Would you output the listing exactly, with every image omitted?

————————

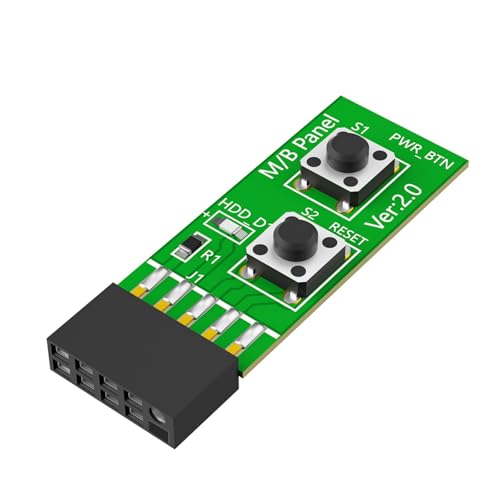 Wsdsgz 2x5 Pin ResetPower Switches Board Adapter Für Computeranschluss Und Adapter Wsdsgz 2x5 Pin ResetPower Switches Board Adapter Für Computeranschluss Und Adapter von Wsdsgz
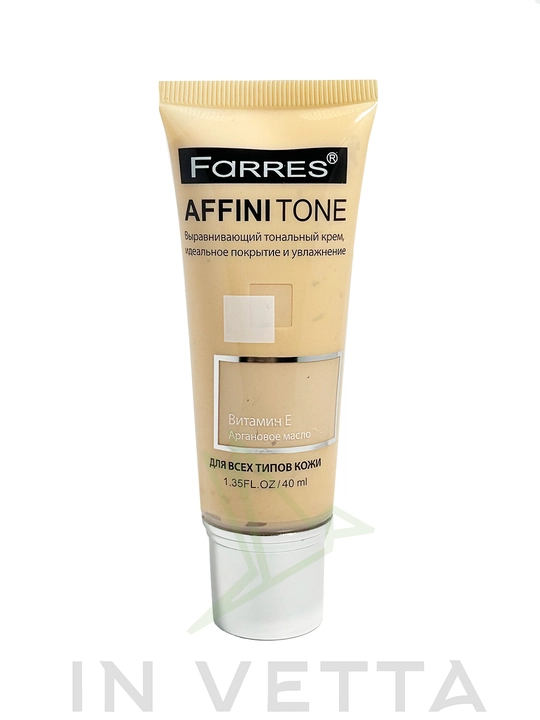 Tonal kremi "AffiniTone" barcha turdagi terilar uchun
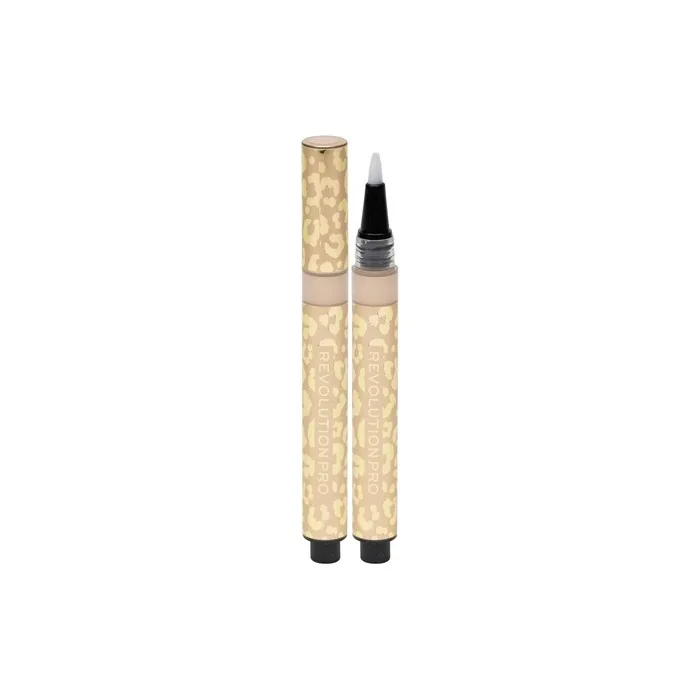Makeup Revolution Brightening and Tightening Cream Concealer 22ml Almond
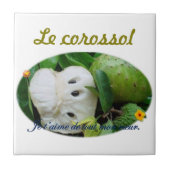 Corossol Tegeltje (Voorkant)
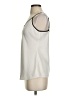 Ann Taylor 100% Polyester Ivory Sleeveless Blouse Size XS - photo 5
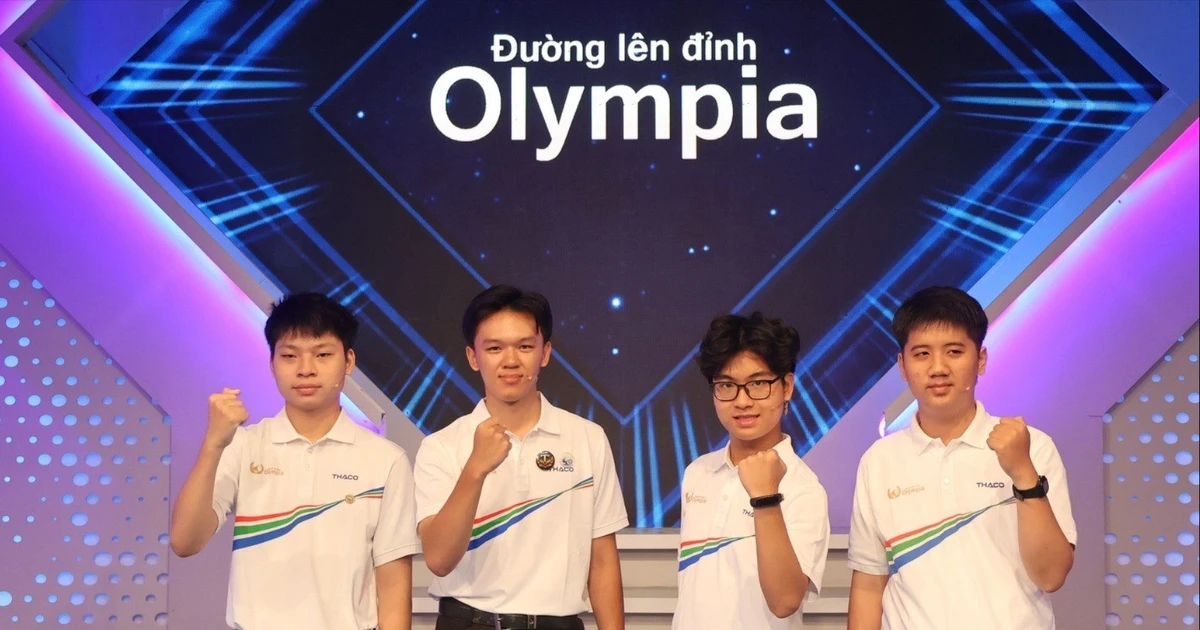 Màn chào sân ấn tượng của 4 ứng viên Vô địch Đường lên đỉnh Olympia 25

————————

● RESULT OF THE TASK
 Wsdsgz 2x5 Pin ResetPower Switches Board Adapter Für Computeranschluss Und Adapter Wsdsgz 2x5 Pin ResetPower Switches Board Adapter Für Computeranschluss Und Adapter von Wsdsgz
 Tonal kremi "AffiniTone" barcha turdagi terilar uchun
Makeup Revolution Brightening and Tightening Cream Concealer 22ml Almond
 Corossol Tegeltje (Voorkant)
 Ann Taylor 100% Polyester Ivory Sleeveless Blouse Size XS - photo 5
 Màn chào sân ấn tượng của 4 ứng viên Vô địch Đường lên đỉnh Olympia 25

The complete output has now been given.